55Read in accordance with these principles, and to the extent that the applicant sought to assert a right for which relief was available in accordance with public law principles, s 3 of the Felons Act had no application; nor, read in context, did s 4 impose a leave requirement in respect of such proceedings. There being no suggestion that the scope of s 4 was intended to be extended by the repeal of the distinction between misdemeanours and felonies, s 4 in its present form should not be construed as having some wider operation than when enacted.

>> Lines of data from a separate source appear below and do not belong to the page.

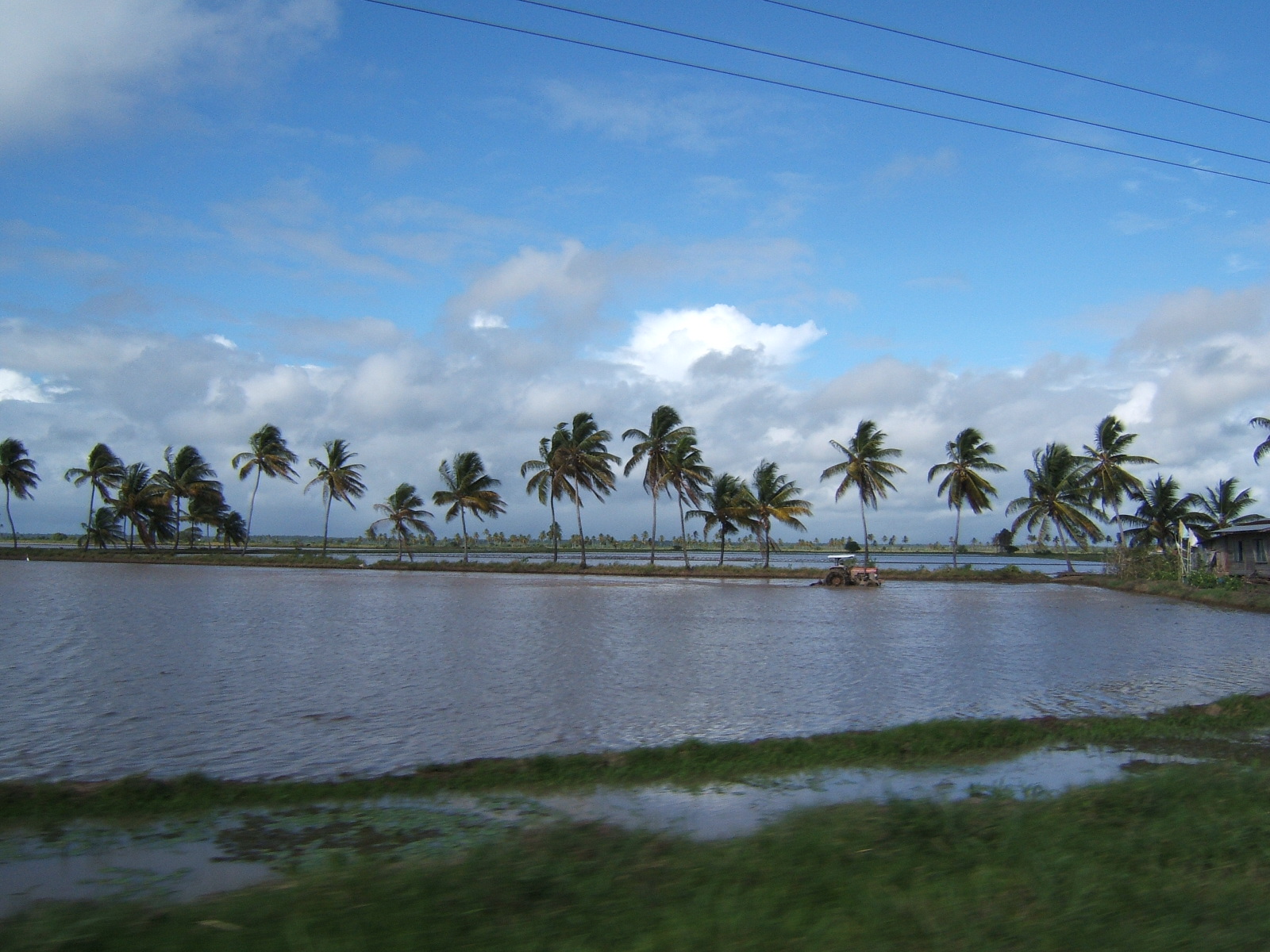 A tractor in a rice field on Guyana's coastal plain, a traditional agricultural activity.
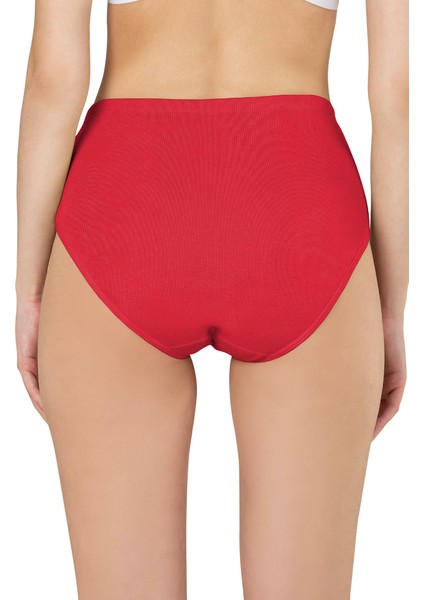 Kadın Ribana Yüksek Bel Büyük Beden Külot 3'lü Paket fiyatları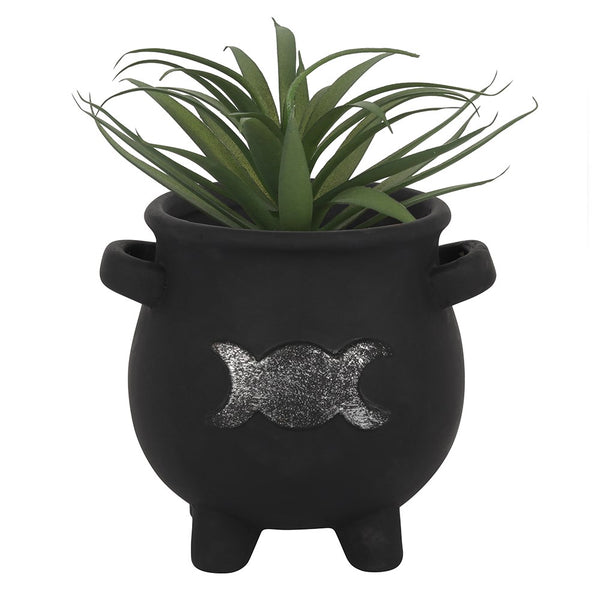 cauldron succulent Plant Pot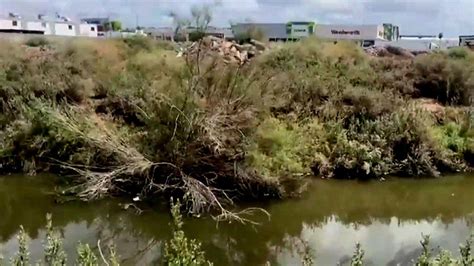 Encuentran Enorme Reptil En Mexicali Baja California Mascotas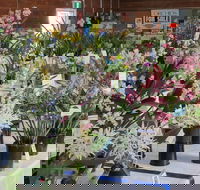 Sapphire Coast Orchid Club Spring Orchid Show - Foster Accommodation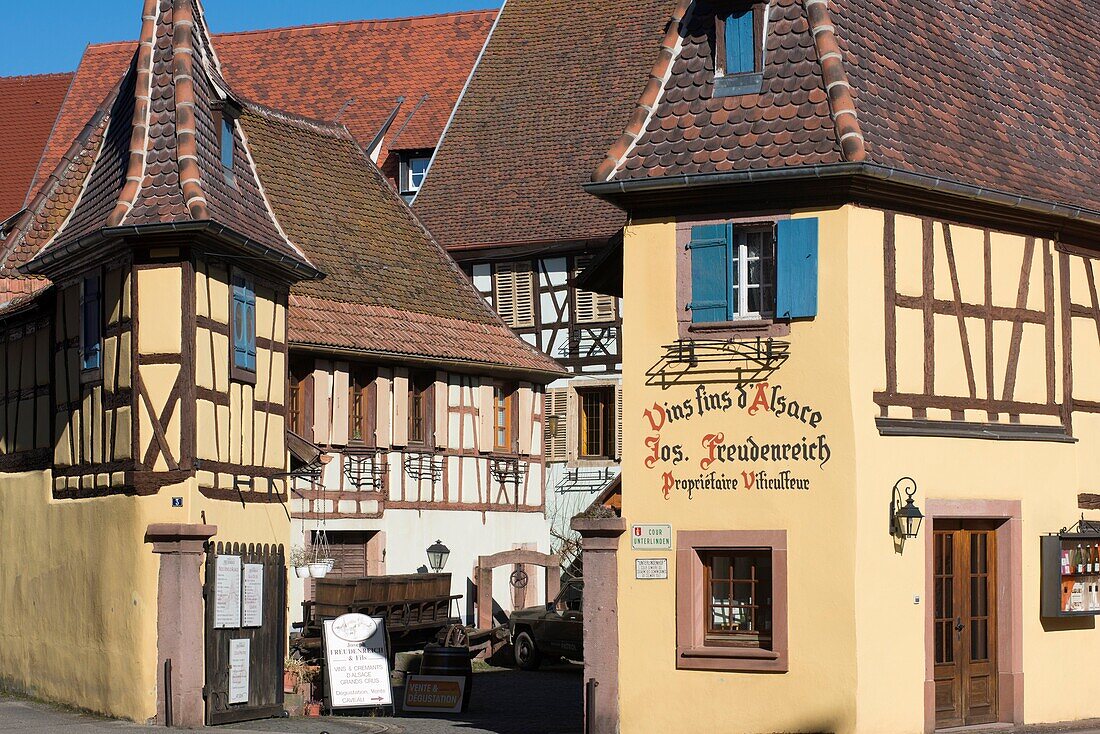 France, Haut Rhin, Eguisheim, labelled Les Plus Beaux Villages de France (The Most beautiful Villages of France), Vine Freudenreich Joseph et Fils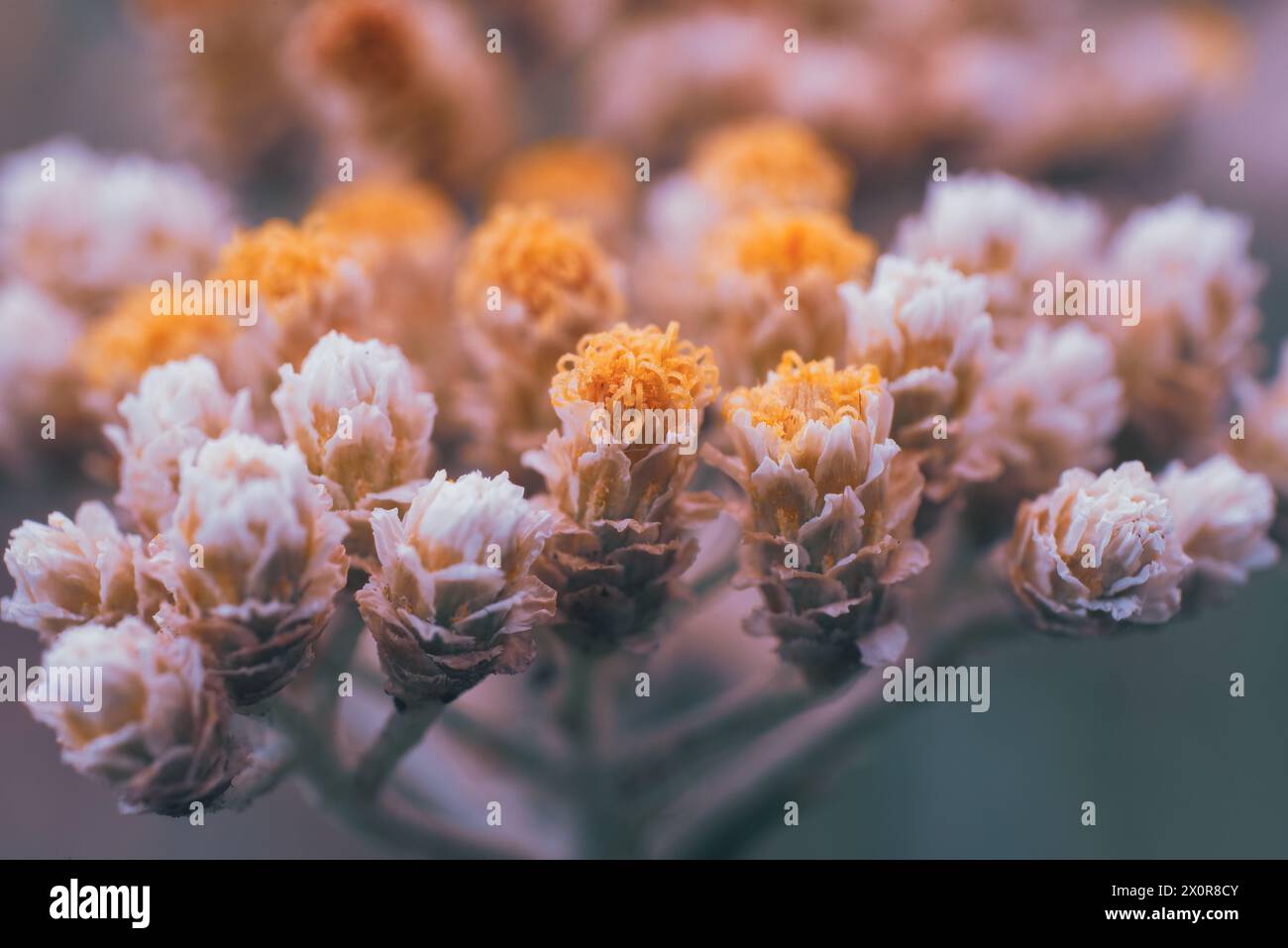 Eine Nahaufnahme eines Bündels von Creme und gelben Blüten der Lakritzpflanze Helichrysum petiolare. Sie ist in Südafrika beheimatet Stockfoto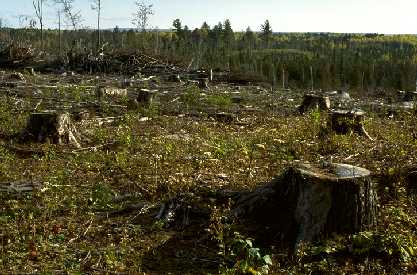 Purvis Lake Clearcut near Tower, MN, 1996 on state-administered public land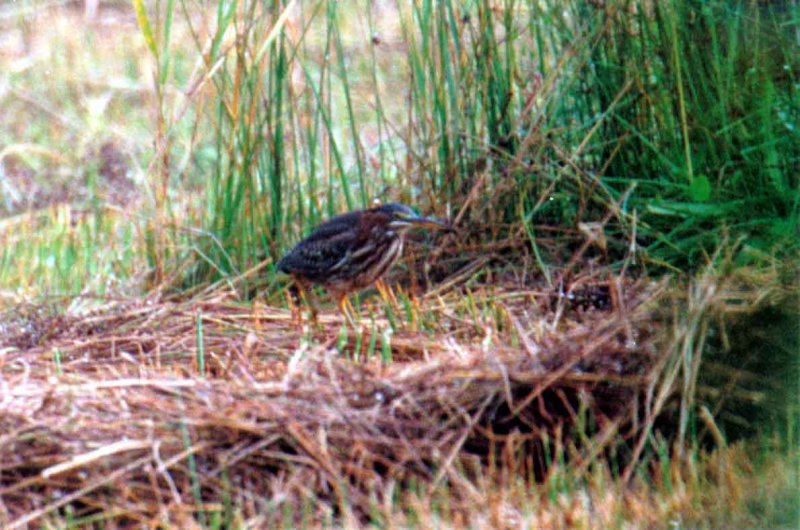 GREEN HERON MESSINGHAM SAND QUARRYS  , LINCOLNSHIRE. 25 . 9 . 2001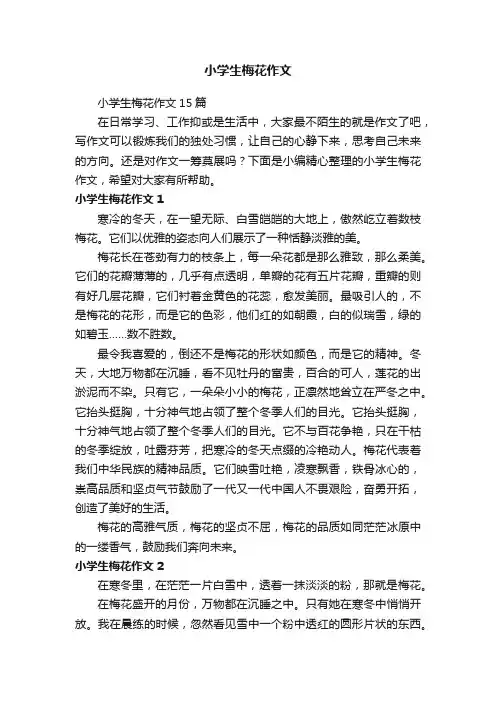 小学生梅花作文15篇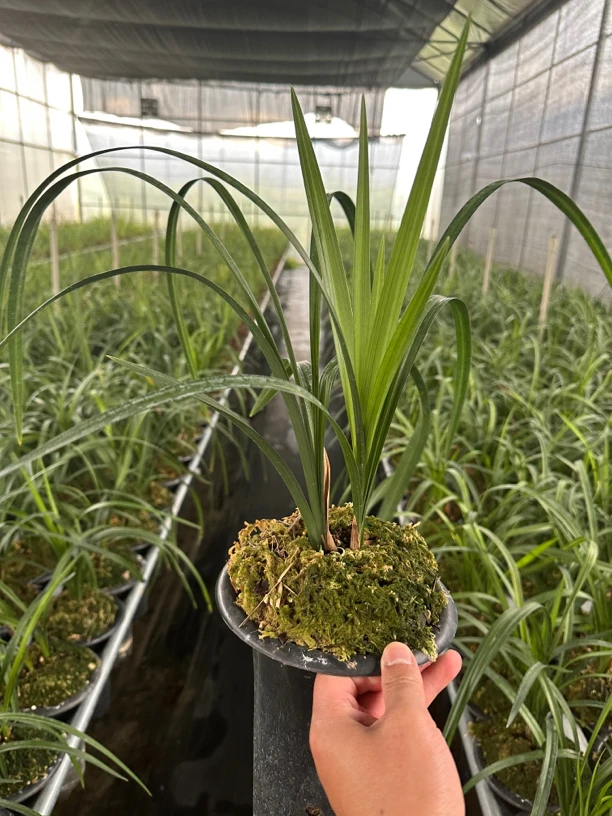 大荷素 春剑 一盆 3～5苗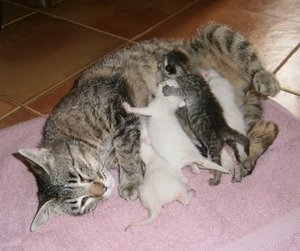 Maggie, Melba, Melia, Melita, Mateo-07.jpeg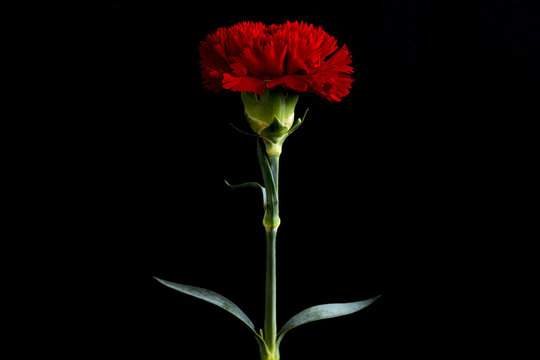 single red carnation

56A statutory regime where there has been a conscious attempt to be comprehensive in terms of the proceedings for which leave is required may be seen in the Vexatious Proceedings Act 2008 (NSW), ss 4 and 5. The Felons Act is, by contrast, a simple statute directed to a particular mischief, being the feudal notion of civil death for capital offences which was out of tune with modern attitudes to punishment, including rehabilitation, even of offenders convicted of most serious crimes. The mischief was alleviated by removing the disability, but subject to the qualification to be found in the requirement for leave. The requirement for leave is itself a constraint on access to the courts, being an important civil right which is no longer removed from those convicted of serious indictable offences. Accordingly, it is appropriate to adopt an approach to the question of statutory construction which limits the civil rights in question only to the extent necessary to give effect to the statutory provision.
57For these reasons, the State's concession that the applicant did not need leave under the Felons (Civil Proceedings) Act, s 4, to bring the proceedings instituted by way of summons, was correct and should be accepted.